В следующем номере этого журнала была помещена статья японского автора Иосимура, который писал: «В конце 1932 года СССР начал улучшать свои военные укрепления на Дальнем Востоке. В двухлетний период русские пехотные части были увеличены с 6 до 12 дивизий, и число самолетов – со 100 до 600, из которых 20% составляют тяжелые бомбовозы, способные произвести налет на Токио. Более того, сообщают, что во Владивостокском порту имеется 20 подлодок». Со своей стороны журнал добавляет, что СССР стремится избежать ошибки русско-японской войны, когда снабжение производилось по одноколейной дороге. Этот недостаток исправляется и как можно быстрее путем сооружения второй колеи транссибирской железной дороги. Когда японцы начали строить новую линию через Хинганские горы до Сахалина, русские удвоили свою работу по сооружению второй колеи между Читой и Благовещенском.

24 апреля из Нью-Йорка поступило сообщение о том, что командующий Квантунской армией генерал Минами в интервью с корреспондентом «Нью-Йорк Таймс» заявил, что СССР продолжает держать у Пограничной, Маньчжурии, Благовещенска и Хабаровска более 200 тысяч войск, 600 самолетов и 600 танков. «Хотя, – заявил Минами, – напряженные отношения на пограничной территории заметно улучшились в течение последних 6 месяцев, к сожалению, нельзя сказать, чтобы нынешние условия действительно могли обеспечить мир между СССР и Японией, так как СССР продолжает держать свою грозную армию на стратегических участках вдоль границы».

Такая же обстановка складывалась и в начале 1936 года. Так же, как и в прошлом году, наиболее интересная информация о советско-японских отношениях попадала не на страницы советских газет, а на страницы тассовских бюллетеней. Вот только несколько примеров, взятых из тассовских фолиантов, хранящихся в архиве.

По сообщению из Токио от 19 января, японское агентство «Домей Цусин» приводит данные о численности вооружений главных держав, опубликованные военным министерством. Согласно этим данным, Япония имеет армию в 250 тысяч солдат, сведенных в 17 дивизий; СССР – 1600 тысяч, включая 160 тысяч войск НКВД, 90 тысяч железнодорожной охраны – сведенных в 35 регулярных пехотных, 15 регулярных кавалерийских, 50 территориальных пехотных и 5 территориальных кавалерийских дивизий; Китай – 2250 тысяч, не включая 200 тысяч китайской Красной Армии; США – 330 тысяч, Англия – 250 тысяч, Франция – 600 тысяч, Германия – 550 тысяч, Италия – 350 тысяч. По тем же данным, количество самолетов таково: Япония – 1 тысяча, СССР – 4 тысячи, США – 2,5 тысячи, Англия – 1,5 тысячи, Франция – 4,5 тысячи, Германия – 2,5 тысячи, Италия – 1,5 тысячи.

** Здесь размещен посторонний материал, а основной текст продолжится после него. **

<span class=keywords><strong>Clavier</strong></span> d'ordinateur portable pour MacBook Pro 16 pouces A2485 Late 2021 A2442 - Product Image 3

При некоторой спорности цифр по другим странам численность вооруженных сил СССР и Японии была показана верно. И соотношение было не в пользу Японии.

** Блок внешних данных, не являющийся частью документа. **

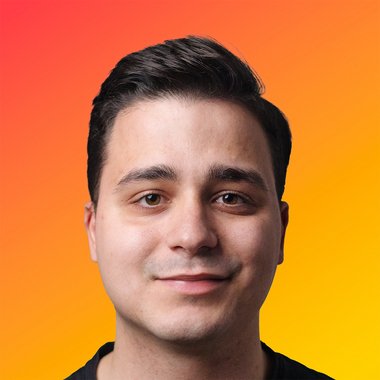 Simos K. - Freelance Web Designer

Китайский журнал «Синь Мэнгу» («Новая Монголия») опубликовал в конце 1935 года статью, озаглавленную «Почему СССР строит железную дорогу Чита – Улан-Батор». В статье говорится: «Железная дорога пройдет вдоль Яблоновского хребта. СССР в 1931 году оценил важность такой дороги, особенно после событий на северо-востоке, после выступления японцев в Маньчжурии, когда СССР начал увеличивать свои реальные силы на Дальнем Востоке и в Восточной Сибири. Ясно, что СССР строит сейчас дорогу, чтобы дать отпор японскому нападению и чтобы увеличить свои оборонительные возможности…»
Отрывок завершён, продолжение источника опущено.